« Ilan Wurman on what Originalism Conserves
Michael Ramsey
| Main | Ryan Williams: Personal Jurisdiction and the Declaration of Independence
Michael Ramsey »


Donald Drakeman: Is Corpus Linguistics Better than Flipping a Coin?
Michael Ramsey

Recently published, in the Georgetown Law Journal Online, Donald L. Drakeman (Notre Dame): Is Corpus Linguistics Better than Flipping a Coin? (109 Geo. L.J. Online 81 (2020)). Here is the abstract:

Corpus linguistics offers the promise of “Big Data” solutions to difficult issues of constitutional interpretation. By searching the millions of words in COFEA, the Corpus of Founding-Era American English, scholars have reached what they have described as rigorous, reliable, and reproducible conclusions about the original meaning of the Constitution. These conclusions rely on unexamined assumptions about the nature of the database and the reliability of the methods employed for interpreting the data. This Article is the first to analyze those assumptions, and it shows why digital searches in COFEA are unlikely to be more accurate than flipping a coin. An understanding of these methodological assumptions will enable researchers to make the necessary adjustments to increase the odds of success in the future.

And from the introduction (footnotes omitted):

“Originalism is on the cusp of its own Big Data revolution,” declares Lee Strang, noting that “[f]or the first time, both a body of data of the Constitution’s original meaning and the technology to utilize that data are becoming available.” Legal scholars started this revolution by borrowing a fascinating tool from their colleagues in language, literature, and history—large digital compendia of written texts associated with the field of corpus linguistics2—with the aim of using targeted digital searches to discover the meaning of constitutional terms in the Founding era. Rather than relying on the limited information available in the few relevant dictionaries, or going through the painstaking process of finding and reading the statutes, legislative debates, newspapers, legal cases, novels, almanacs, and other materials making up the documentary record of the latter part of eighteenth-century America, scholars can perform computer searches in databases consisting of thousands of texts and millions of words. Originalism can now be “datadriven,” “scientific,” and “rigorously empirical.”

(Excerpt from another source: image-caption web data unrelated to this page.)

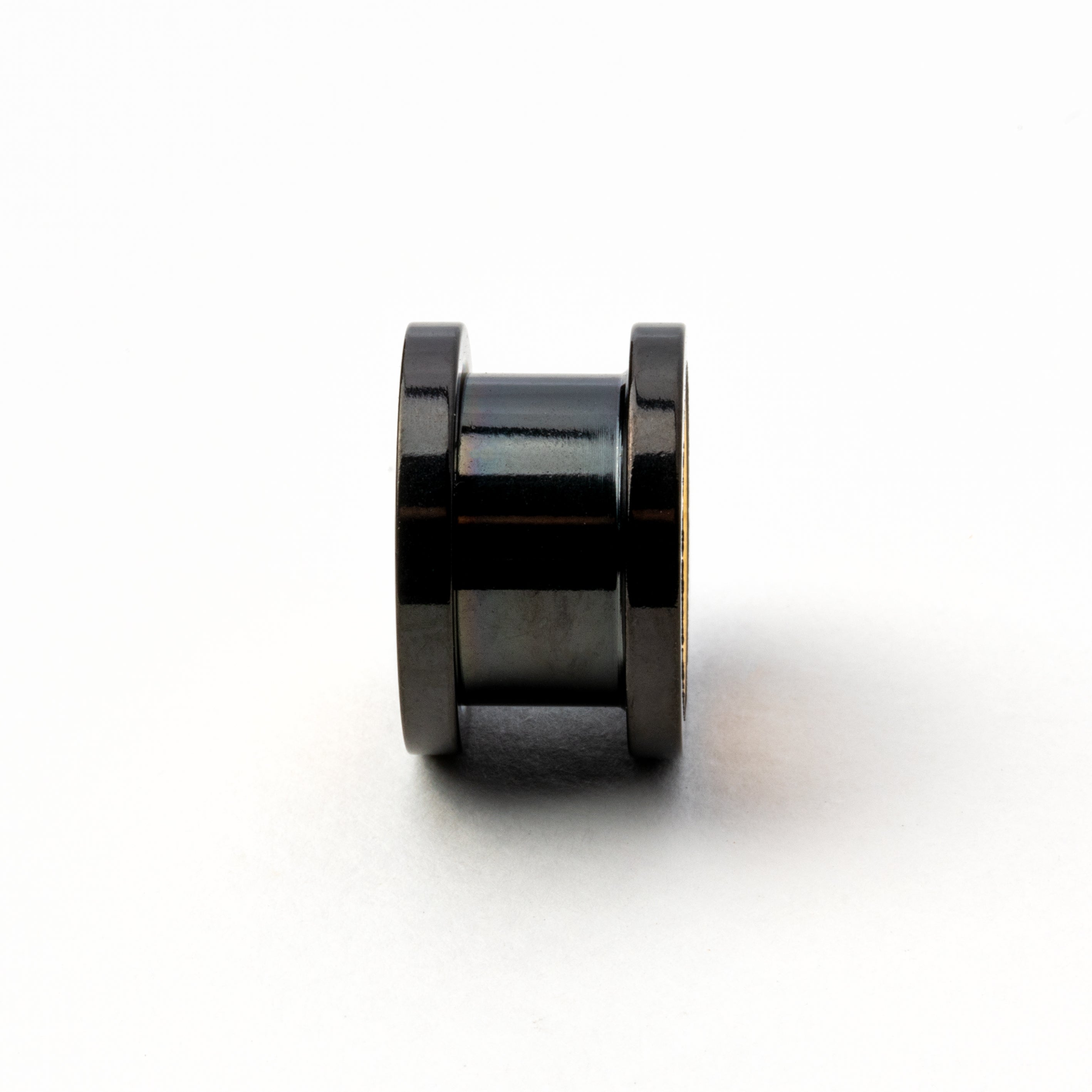 single black and gold surgical steel ear tunnel side view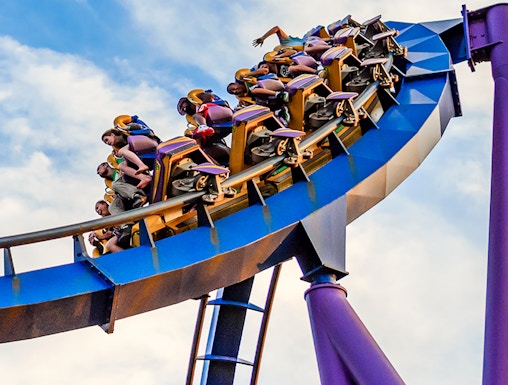 Roller coaster at Six Flags Discovery Kingdom with riders on a loop against a blue sky.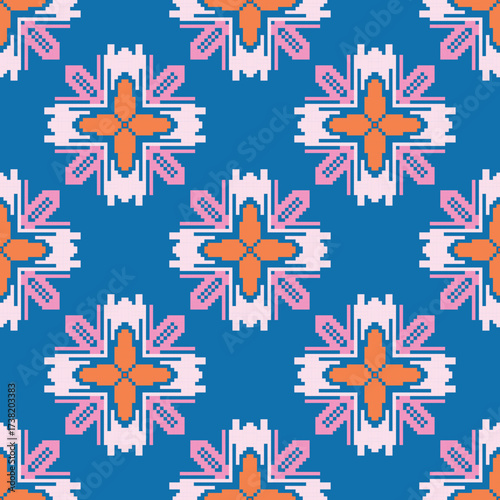 Pixel art textile pattern with orange cross-shaped flowers, pink geometric details, and blue background, arranged in symmetrical repetition.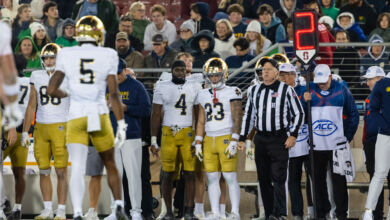 Jeremiyah Love #4 and Nolan James Jr. #23 of the Notre Dame Fighting Irish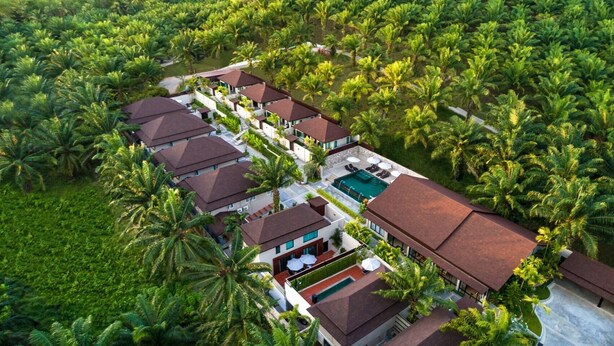 Un resort con varias construcciones tipo cabaña, un área de piscina central y exuberante vegetación tropical que rodea la propiedad.
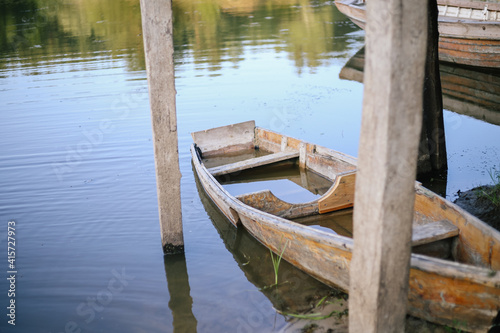 Half sunken wooden boat is moored to the shore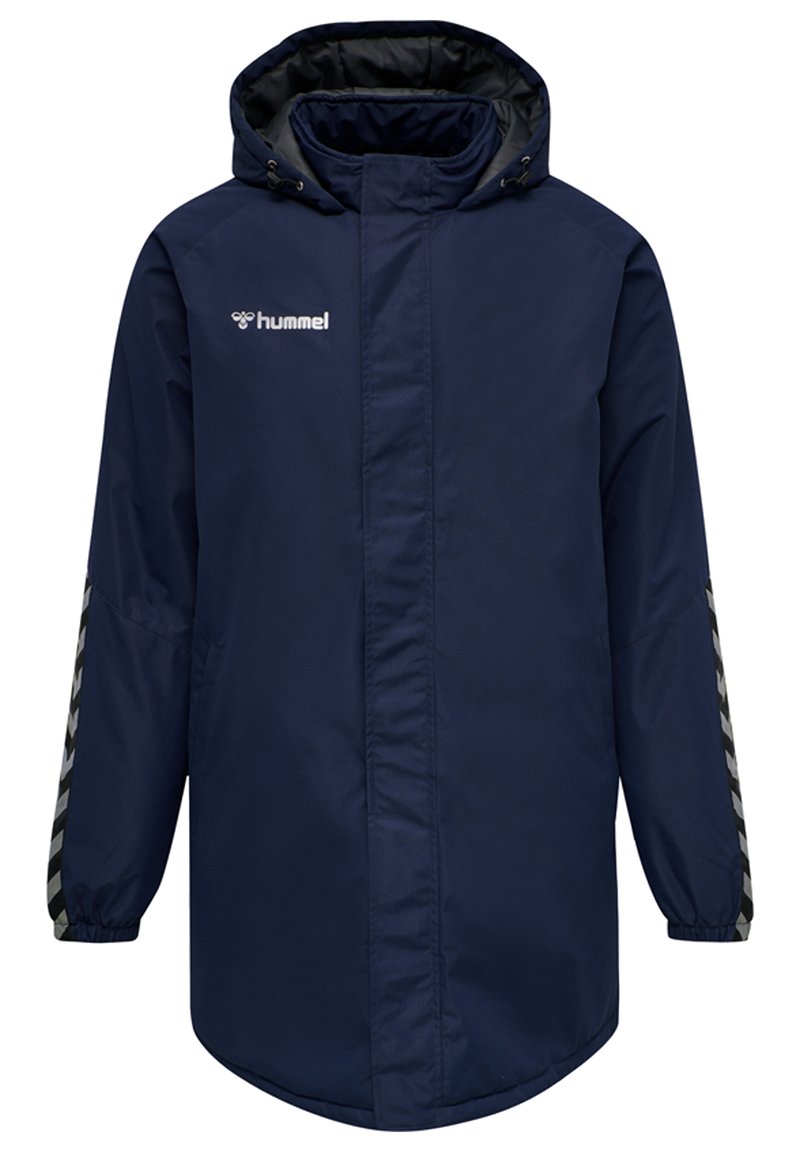 Marinblå lång kappa, vattentåligt material, har en huva, dragkedjestängning och randig detalj på ärmarna; logotyp på bröstet.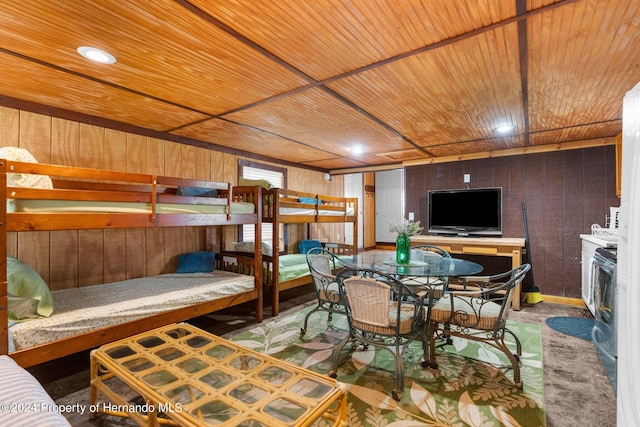 bedroom featuring wooden walls and wooden ceiling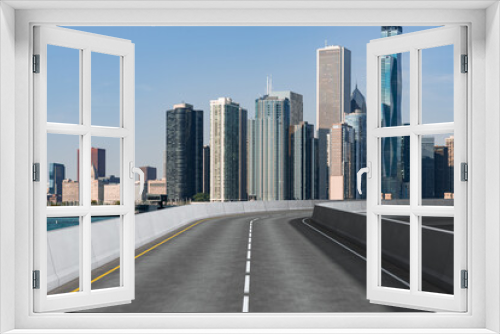 Fototapeta Naklejka Na Ścianę Okno 3D - Empty urban asphalt road exterior with city buildings background. New modern highway concrete construction. Concept of way to success. Transportation logistic industry fast delivery. Chicago. USA.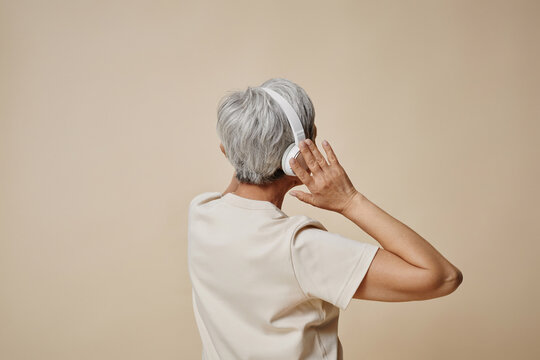 Rear view of senior woman with grey short hair listening to music in headphones while standing on beige background in isolation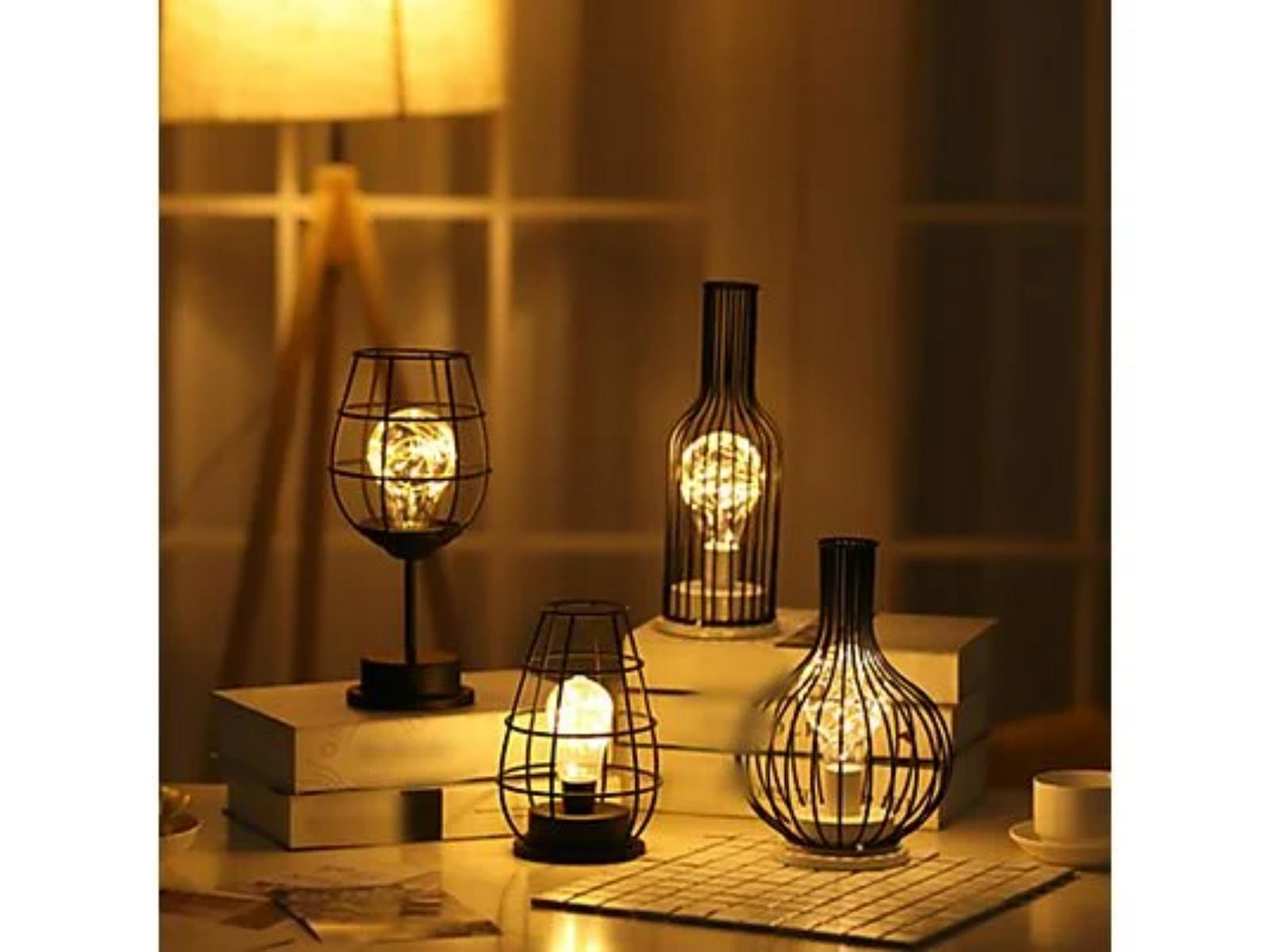Dekorative Lampen in Flaschenform. Gedämpfte Beleuchtung. Bücher auf dem Tisch.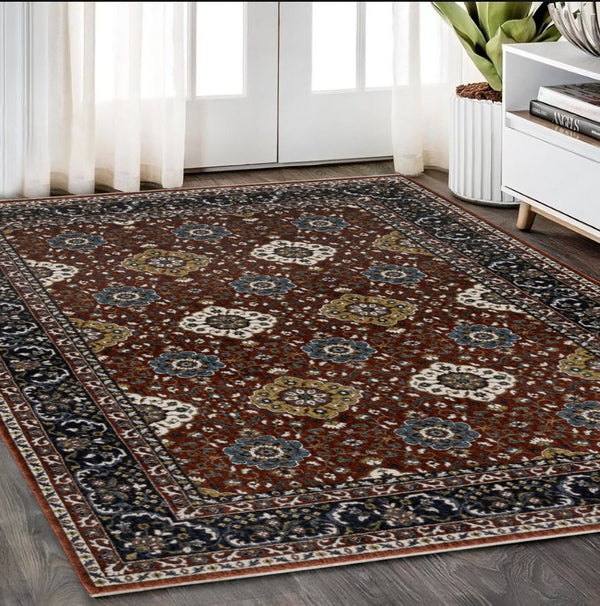HomeRoots 5' Red Medallion Area Rug with Fringe - Elegant, Stain-Resistant Design for Stylish Living Spaces! 5' X 8' 574861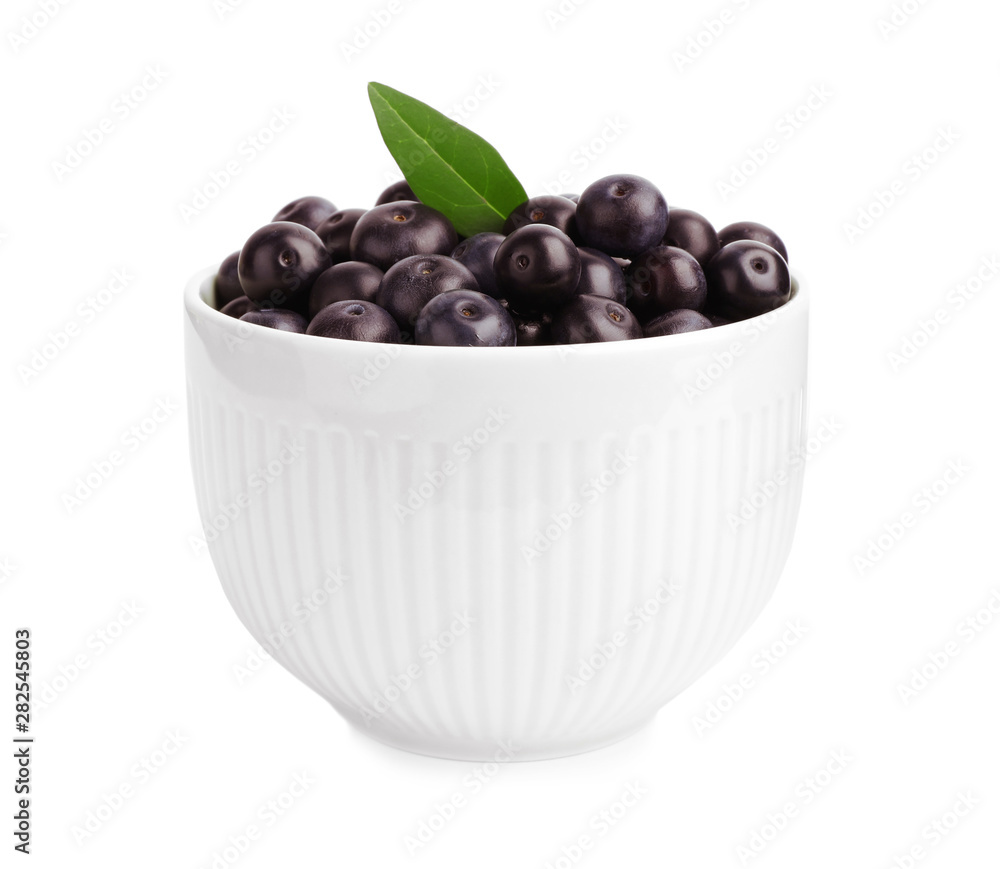 Ceramic bowl with fresh acai berries on white background Ceramic bowl with fresh acai berries on white background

Strang is certainly right about two things: We have digitized collections of texts representing language use in the constitutional era and the technology to access them on a word-by-word basis. The remaining essential questions are whether those collections are genuinely representative and whether we have the necessary data-analysis tools to make sense of all of the resulting information in a way that clearly points towards an accurate understanding of the objective meaning of the text. As Strang observes, there are some cases where the technological approach may not eliminate the possibility of inaccuracy, and whether tools of corpus linguistics can deliver a single clear original public meaning will need to be evaluated on a clause-by-clause basis.

In practice, corpus linguistics searches for the Constitution’s original meaning have often sought to select one of two possible meanings. For example, is “religion” in the First Amendment limited to theism? Did the terms “commerce” and “emoluments” carry a broad or narrow definition? The goal has been to determine the answer objectively and empirically through a Big Data analysis of language use in the Founding era. For the sake of argument, and to highlight the key role of assumptions in applying this methodology to constitutional interpretation, I will propose an alternate approach to resolving lawsuits that has the advantage of being equally or more objective, while also being faster, cheaper, and a great deal less complicated: flipping a coin, for which the odds of an accurate answer to these kinds of binary questions is 50%. Moreover, as with other approaches to the search for original meaning, coin flipping would go a long way towards addressing one of the jurisprudential issues frequently cited by advocates of originalism—that is, the need to restrain judges from making decisions based on their own preferences. Despite its numerous advantages, coin flipping in cases of constitutional interpretation is normatively weak compared to the promise of scientifically based results. It is hard to imagine that an interpretive theory would be adopted by the Supreme Court if cases involving the interpretation of texts with contested original meanings would be decided by a coin toss or by any other method that could not make a better claim of accuracy than randomly being right half of the time.

Is corpus linguistics likely to be accurate more than half of the time? This Article will show that, in a number of important ways, corpus linguistics may not be up to the assigned task (at least yet), despite the sophisticated constitutional analyses that have appeared so far. The problems are not rooted in the impressive research done by scholars to date but in the historical and methodological assumptions they are making when they set out to use corpus linguistics databases for the purpose of constitutional interpretation.

Professor Strang's article is How Big Data Can Increase Originalism’s Methodological Rigor: Using
Corpus Linguistics to Reveal Original Language Conventions, 50 U.C. Davis L. Rev. 1181 (2017), available here.